Copy each line of the listing below where the word "Kids" turns up.

* _SUPPLIED ENTRIES_
┌──
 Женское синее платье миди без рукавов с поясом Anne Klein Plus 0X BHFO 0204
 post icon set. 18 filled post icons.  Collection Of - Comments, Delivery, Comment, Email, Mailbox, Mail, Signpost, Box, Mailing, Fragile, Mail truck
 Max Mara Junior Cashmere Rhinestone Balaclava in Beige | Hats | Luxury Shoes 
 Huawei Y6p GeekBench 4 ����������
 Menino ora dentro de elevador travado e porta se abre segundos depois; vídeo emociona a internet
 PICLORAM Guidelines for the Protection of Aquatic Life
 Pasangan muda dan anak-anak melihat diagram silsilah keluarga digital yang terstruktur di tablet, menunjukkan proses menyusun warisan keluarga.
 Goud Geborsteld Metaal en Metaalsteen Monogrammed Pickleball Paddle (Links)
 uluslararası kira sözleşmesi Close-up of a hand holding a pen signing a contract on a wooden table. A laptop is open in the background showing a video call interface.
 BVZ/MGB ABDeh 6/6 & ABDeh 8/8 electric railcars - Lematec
└──
┌──
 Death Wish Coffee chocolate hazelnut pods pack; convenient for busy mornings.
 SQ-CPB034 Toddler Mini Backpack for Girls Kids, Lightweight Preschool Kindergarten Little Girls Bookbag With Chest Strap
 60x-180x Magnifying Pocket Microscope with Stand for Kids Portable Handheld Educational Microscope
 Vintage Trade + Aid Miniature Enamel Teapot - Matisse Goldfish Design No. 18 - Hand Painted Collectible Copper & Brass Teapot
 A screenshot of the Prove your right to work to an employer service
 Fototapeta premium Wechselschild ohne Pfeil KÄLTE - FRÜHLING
└──
* _RESPONSE_
 SQ-CPB034 Toddler Mini Backpack for Girls Kids, Lightweight Preschool Kindergarten Little Girls Bookbag With Chest Strap
 60x-180x Magnifying Pocket Microscope with Stand for Kids Portable Handheld Educational Microscope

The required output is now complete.